■ Problem statement:
Among the records that follow, set down only the lines from the one containing "Beautiful pregnant woman" to the one containing "Barista making coffee in coffeeshop.", both included, exactly.

(Source data)

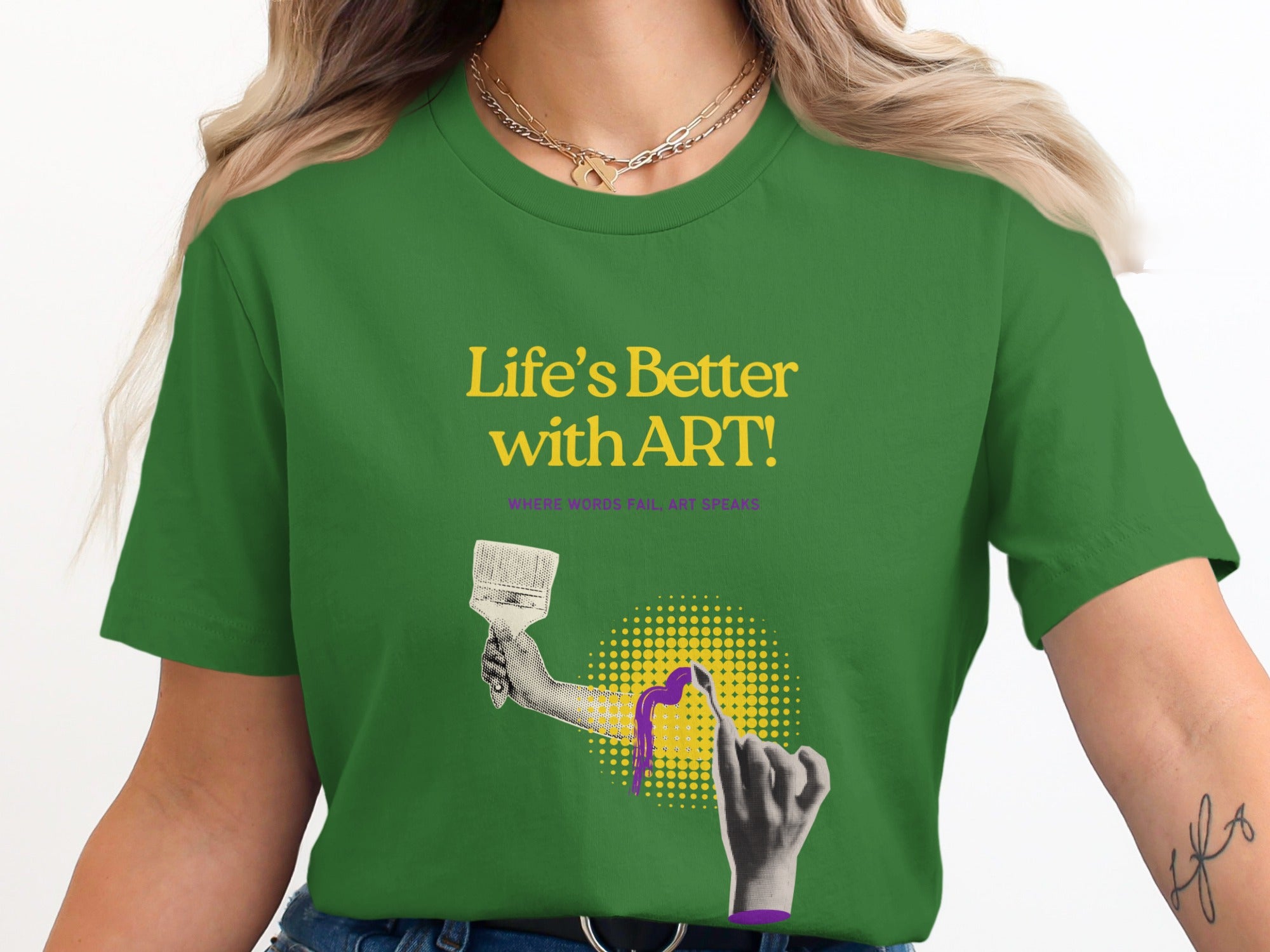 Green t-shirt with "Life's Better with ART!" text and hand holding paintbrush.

(End Source data)
(Source data)

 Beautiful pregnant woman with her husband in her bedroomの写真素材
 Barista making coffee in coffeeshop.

(End Source data)

■ Output of the task:
 Beautiful pregnant woman with her husband in her bedroomの写真素材
 Barista making coffee in coffeeshop.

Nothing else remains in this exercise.